On Sunday, thousands showed up for a third day of anti-coup protests, despite being warned earlier not to demonstrate by Thailand's army leader, Gen. Prayuth Chan-ocha, who asserted that normal democratic principals are not presently applicable.

Over the weekend, Thailand's military announced it would dissolve the Senate, effectively nixing the country's last democratic fixture and consolidating their control of the country on Saturday by assuming all lawmaking responsibilities.

It is not known why the junta left the Senate intact after dissolving Parliament's lower house and suspending the constitution on Thursday, nor the reason for its sudden turnaround.

Earlier in the week, Prayuth declared martial law across Thailand, but initially denied staging a military coup until Thursday, when he formally acknowledged the country's 12th coup in eight decades and affirmed his status as interim acting Prime Minister.


In a televised broadcast, the junta imposed a 10PM curfew, banned public gatherings of more than five people, began monitoring Internet use to crackdown on intentions to incite political unrest and severely restricted traditional reporting of the fallout.

Shortly after Prayuth's broadcast on Thursday, a media blackout was extended to television stations across the capital, and in homes, channels were replaced with static TV screens accompanied by soothing Thai music.

Troops were reported to be patrolling Bangkok and had secured TV stations across the capital.

Thai citizens have been active in documenting the evolving political situation on social media.
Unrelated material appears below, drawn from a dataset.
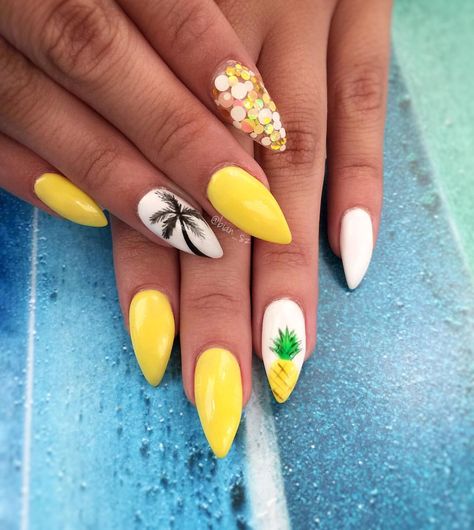 Pineapple Stiletto Nail Art Nail Structure, Pineapple Nails, Beach Nail Designs, Beach Nail, American Nails, Yellow Nail Art, Christmas Manicure, Summer Designs, Stiletto Nail Art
Some reported feeling safe while walking the streets before curfew, while others took selfies with soldiers as they stood beside hummers and carried machine guns by the side of the road.
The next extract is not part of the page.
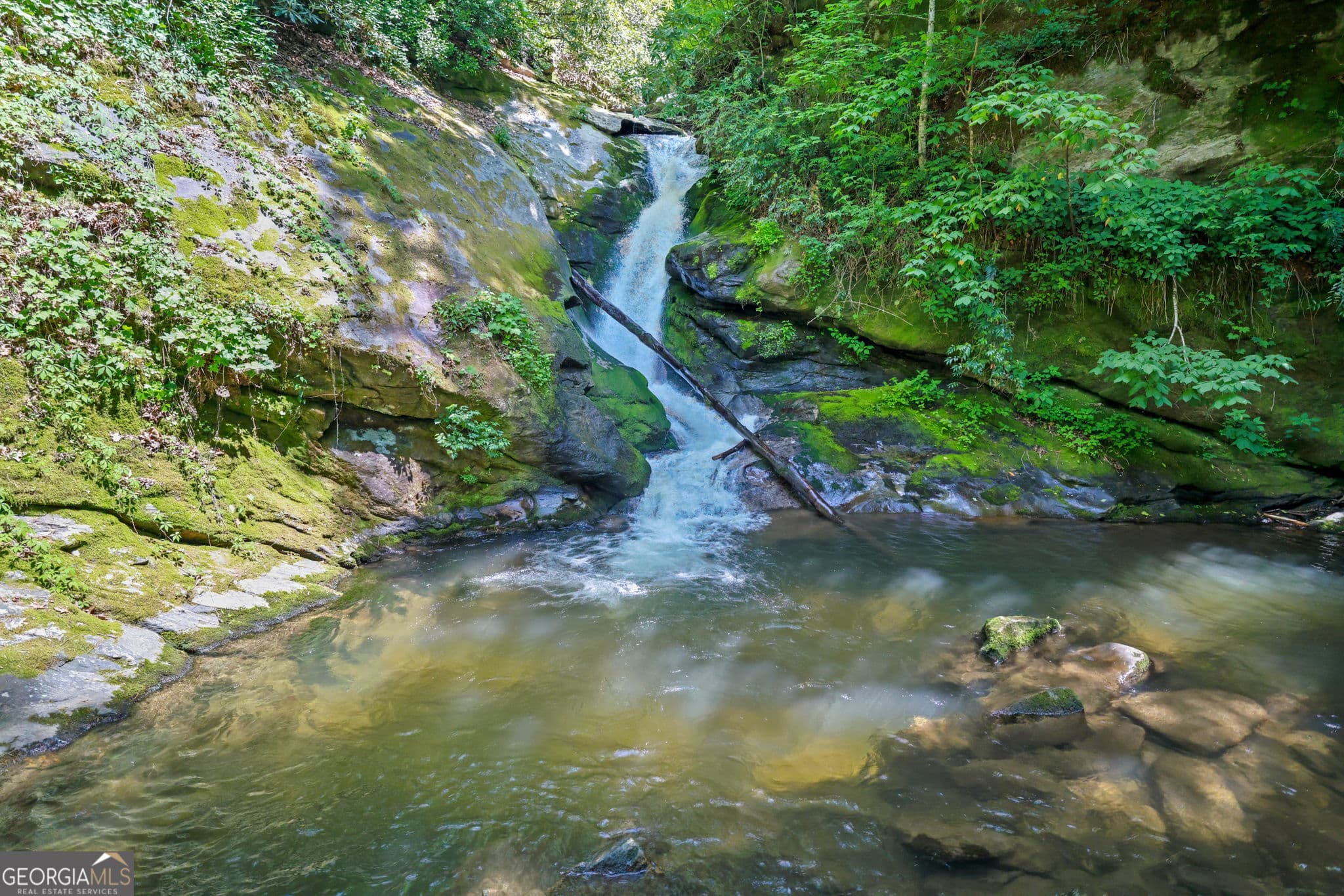 3 bedroom, 4 bathroom, 3,700 sq ft cabin,manufactured home,single family residence for sale at 544 Darnell Creek Road, Rabun Gap, GA 30568 — photo 6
A Bangkok bar owner whose business has been directly affected by the curfews told VICE News on Saturday he expects the restrictions to last less than a week.

"I have nothing against the coup, I think it's a good thing," said Phurin Oey Phongsobhon, 28. "I've experienced three coups before here and it feels almost safer when the military is running things."
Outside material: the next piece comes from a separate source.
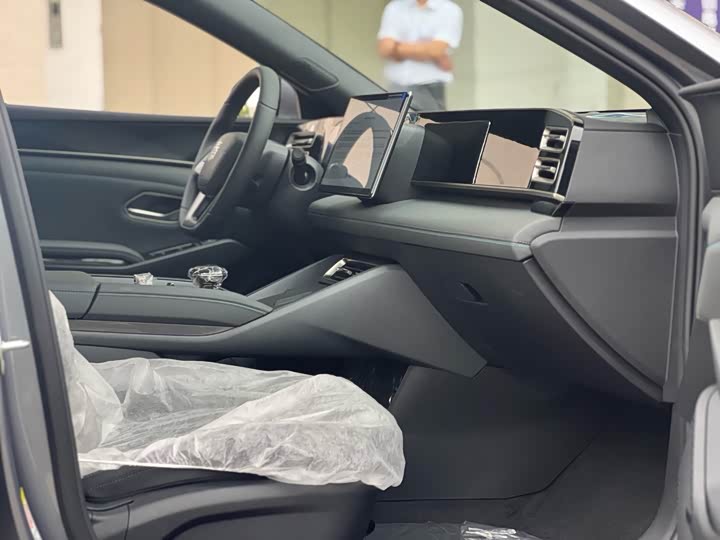 Фото 8 - BYD Qin L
Phonsobhon identified himself as a "royalist" and supported the military in their effort to "shut down and restart the corrupted system" that he said has gripped Thailand since the country's last coup in 2006, which saw the ousting of Yingluck's brother, Thaksin Shinawatra.


The complex consequences of Thai coup selfies. Read more here.

The military staunchly defended their position to step in after a period of political stalemate. Prayuth said the controlling measures were aimed at hampering more violence and protests in Thailand's ongoing political struggle which pits the elected populist government supported by the country's rural poor majority against anti-government demonstrators bolstered by the country's elite.

Earlier this month Yingluck was removed from office following a corruption hearing on abuse of power charges, which the former leader still denies. Meanwhile, Thaksin, who has maintained support in the rural north due to populist policies like providing virtually free healthcare, has maintained influence on every elected party in Thailand since 2001.

For the past six months, the country has continued to suffer political unrest sparked by anti-government protests that killed 28 and injured more than 800 people.

On Friday, hundreds of anti-coup activists from both camps returned to the streets, rallying outside the Bangkok arts and cultural center in defiance of the new anti-gathering rules. At least three demonstrators were arrested and the crowd dispersed after soldiers were captured on video pushing protestors away from the center.

Journalists and activists have continued to upload footage of protests to social media, despite the warnings.


Anti-coup demonstrations resumed Saturday morning and continued into late Sunday, with protesters amassing near Bangkok's Victory Monument carrying placards reading, "Junta get out" and "No coup."

Meanwhile, Thailand's military has faced widespread international condemnation about the takeover, including from the US, which has suspended $3.5 million in military aid to Thailand, the State Department announced Friday.

Washington further called on Saturday for the "the immediate restoration of civilian rule and release of detained political leaders, a return to democracy through early elections, and respect for human rights and fundamental freedoms."